--- Directions ---
From the line with "Shaded Organic Bucket" to the end of the data below, restate each line word for word, both ends included, without the pictures.

--- Data ---

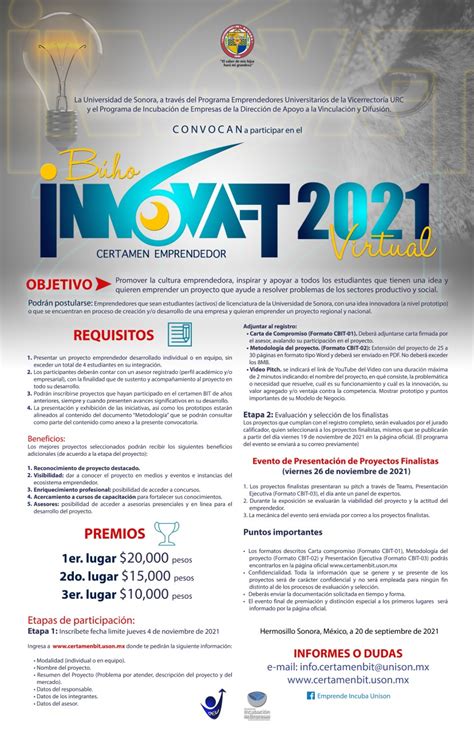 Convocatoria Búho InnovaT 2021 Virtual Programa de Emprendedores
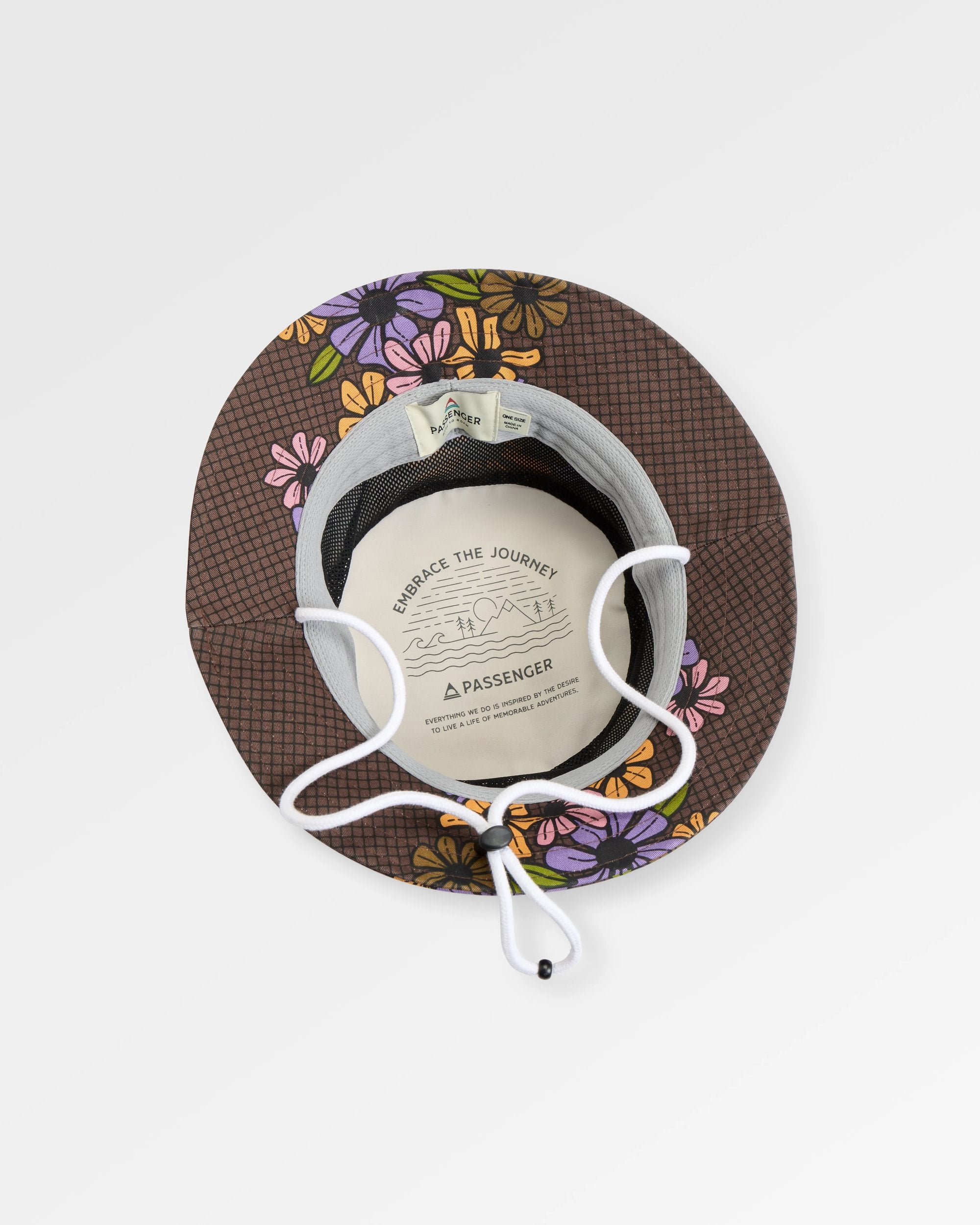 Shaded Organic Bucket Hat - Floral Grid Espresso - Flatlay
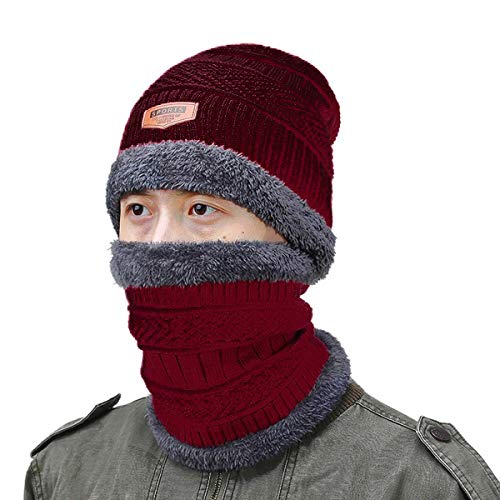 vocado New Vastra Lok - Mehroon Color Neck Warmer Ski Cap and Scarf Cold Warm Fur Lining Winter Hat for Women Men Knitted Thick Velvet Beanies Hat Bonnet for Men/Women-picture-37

--- Answer to this exercise ---
 Shaded Organic Bucket Hat - Floral Grid Espresso - Flatlay
 vocado New Vastra Lok - Mehroon Color Neck Warmer Ski Cap and Scarf Cold Warm Fur Lining Winter Hat for Women Men Knitted Thick Velvet Beanies Hat Bonnet for Men/Women-picture-37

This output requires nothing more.